Five: Postal workers. In a similar vein, I do not trust Postal Workers. What I don't like is when I take my packages to the desk (even though as soon as there are more than three people in line, they always start yelling about the AUTOMATED SYSTEM IN THE BACK where you can PRINT YOUR OWN LABELS and I'm always thinking, geez, it's not like there are 80 people crammed in here, how about a less obvious way of showing us how little you like interacting with LIVING SOULS?) and I tell the person where I want to send them and the worker always tells me - rather blandly - about the express mail option and the priority mail option but never the much less expensive parcel post option even though the parcel post option always comes up on the little credit card reader that is RIGHT IN FRONT OF MY FACE. So then I feel stupid asking about the parcel post option, because why wouldn't the employee have already told me about it if it was available? And then I think, well, should I really be trusting this little electronic screen in front of me anyway? Although, in about three seconds, I'm going to willingly feed it sensitive information like, oh, my credit card number; surely it has SOME redeeming qualities. Frankly, I find the whole thing kind of sketchy. And then I never end up saying anything, and spending more money than I probably need to spend at the post office, and on the way out of the building someone is always screwing up the automated machine but sometimes I think the embarrassment of that situation pales in comparison to interacting with some of the employees themselves, who may or may not be lying to me about parcel post. DO NOT TRUST.

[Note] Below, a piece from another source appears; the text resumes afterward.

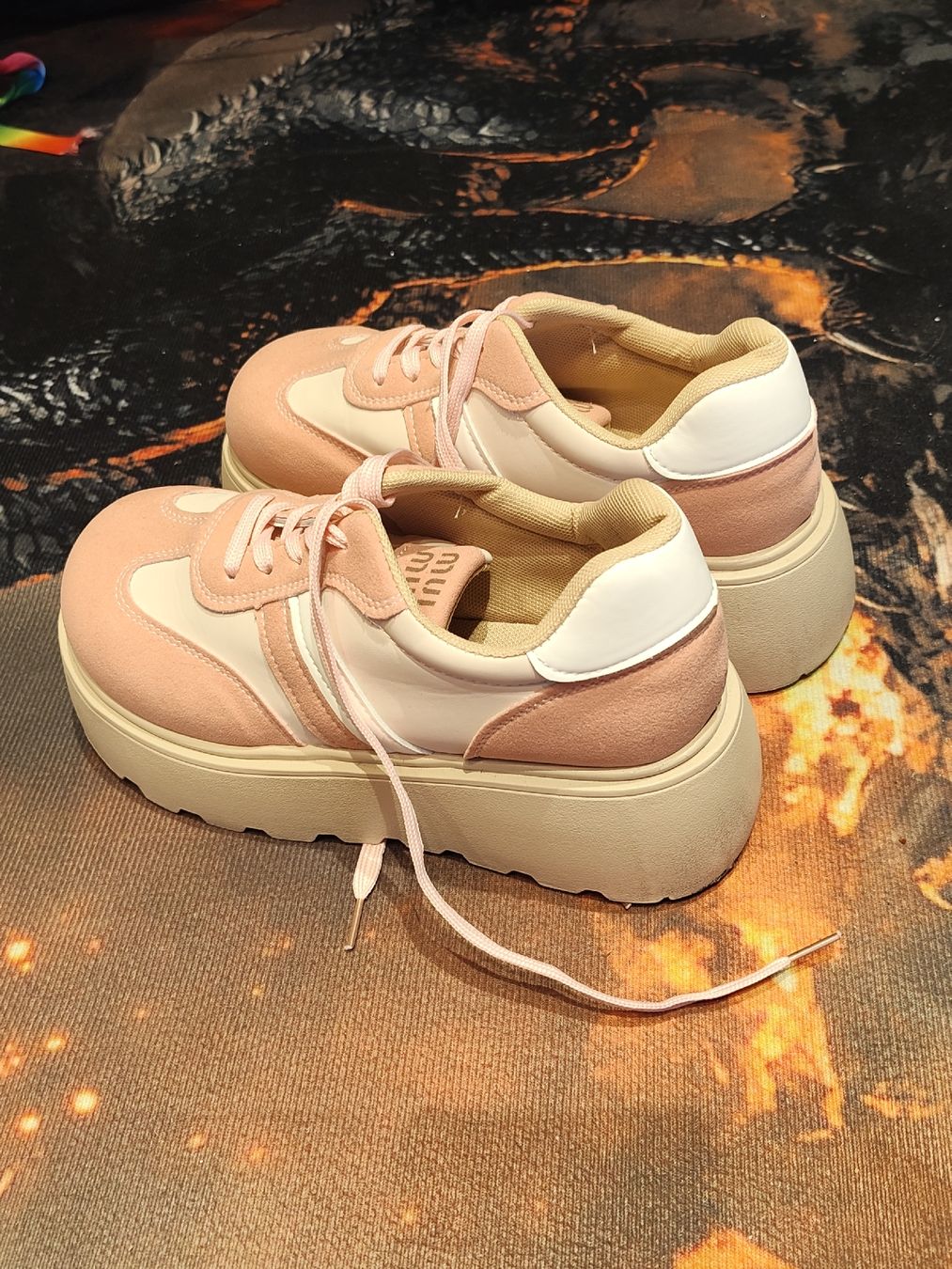 Scarpe da donna: tolle schöne sneakers hochdohle – Usato da Menziken venduto da Dragon-Fuchur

Six: My ear infection instincts. Asher has had two ear infections in his life. Two, and only two. And yet, each time he gets a cold, and turns cranky, I haul him into the pediatrician's office. I have even hauled him into the after-hours pediatrician, and paid more than twice the usual co-pay. Altogether, I have probably made eight trips to the doctor's office to specifically check on the State of his Ears. I am always wrong. OK, so twice I was right, but what's two for eight? Twenty-five percent? I wish ear infections were like poopy diapers, you know? You can suspect all you want, but all you really have to do is press your nose to the back of someone's pants for an answer. The thing I hate most is that I TALK TOO MUCH. The doctor comes in and suddenly I feel a pressing urge to convince him of my absolute certainty that there's an ear infection before he's even CHECKED for one, and I'm blabbing on and on about the FEVER and the INTERRUPTED SLEEP and the DRAINAGE and the IRRITIBILITY and on and on and on and after I've babbled for five, ten, maybe twenty minutes, I NEVER KNOW, he says something like, well, let's take a look. And then there's this long, drawn-out silence while he looks at one ear and doesn't say a word, and then looks in the other ear, and then he always turns around and throws away the disposable ear cone and hangs the little scope with the light back on the wall before turning back around as s l o w l y as possible before saying, “Everything looks just fine. Perfect, even.” And then I stutter and eek out something about how he SEEMED so sick and golly I suck at this and pardon me, but where is the checkout sheet so I can BAIL ON THIS SITUATION ASAP? Me + suspected ear infection = DO NOT TRUST.
Seven: Any institution that substitutes a K where a C or a Q should rightly be. No thank you, Kwik Kopy. I AM APPALLED. As such? DO NOT TRUST.